The question is whether you should consider using the Couchbase collections if you are comfortable with the bucket model, or already have a well configured Couchbase cluster. In this blog, I will outline a few areas that we have been optimized with regard to the indexing service that could help you to decide whether you would want to migrate from the Couchbase bucket model to the new collection model.
The indexing pipeline for the bucket model
Here is a diagram showing the index build pipeline.
- The projector process in the data service is solely responsible for streaming the bucket data to the indexing service.
- The projector uses a single DCP stream to evaluate all mutations to determine if a document should be streamed to the indexing service, based on the index meta data.
- The projector streams only the specific columns that the indexing service maintains for its indexes.
One point is clear in the above diagram is that the projector has to consider all bucket mutations for all of the indexes in the cluster.
The indexing pipeline for the collection model
In the collection model, DCP streaming between the data and indexing service is at the collection level.
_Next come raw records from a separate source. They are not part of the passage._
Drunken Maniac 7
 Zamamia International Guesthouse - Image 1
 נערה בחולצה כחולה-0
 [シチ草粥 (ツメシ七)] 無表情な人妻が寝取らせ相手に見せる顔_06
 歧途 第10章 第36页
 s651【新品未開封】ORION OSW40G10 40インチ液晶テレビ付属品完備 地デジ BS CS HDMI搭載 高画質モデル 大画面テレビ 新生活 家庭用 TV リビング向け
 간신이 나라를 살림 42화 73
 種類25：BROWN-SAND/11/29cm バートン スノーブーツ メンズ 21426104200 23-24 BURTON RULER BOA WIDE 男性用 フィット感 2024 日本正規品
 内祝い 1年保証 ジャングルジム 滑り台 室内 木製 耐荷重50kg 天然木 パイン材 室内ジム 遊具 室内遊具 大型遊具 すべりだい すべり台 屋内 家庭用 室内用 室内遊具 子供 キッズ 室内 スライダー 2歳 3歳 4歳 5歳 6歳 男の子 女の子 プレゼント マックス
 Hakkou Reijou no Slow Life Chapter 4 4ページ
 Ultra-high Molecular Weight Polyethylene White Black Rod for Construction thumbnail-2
While this implies more DCP streams, this optimization will benefit the downstream processing when the projector decides which indexing service it will send over the mutations.
There is a small difference on how this works for the initial index build vs the index updates.
- A DCP stream is created for each collection during the initial index build, resulting in smaller workload for the projector.
- The projector no longer needs to evaluate the index WHERE clause to determine if a mutation qualifies for the index.
- The DCP stream data will now be prefixed with collection id, allowing the projector to know which index to send the change to
- Projector no longer need to evaluate the index WHERE clause
- Index ingestion check would be limited to indexes defined on the updated document’s collection, instead of all indexes in the bucket. This will result in significant saving in CPU/Disk i/o
From the configuration standpoint, Couchbase collections feature doesn’t require any changes for indexing service. Of course, users do need to specify the specific collection name, instead of just the bucket name, when creating indexes on a specific collection. All the major changes were made to take advantage of working with smaller datasets, instead of at the bucket level for all mutations.
This benefit is permeated through to all the different stages of the indexing services, starting with the projector process to the indexer as well as the downstream storage layer.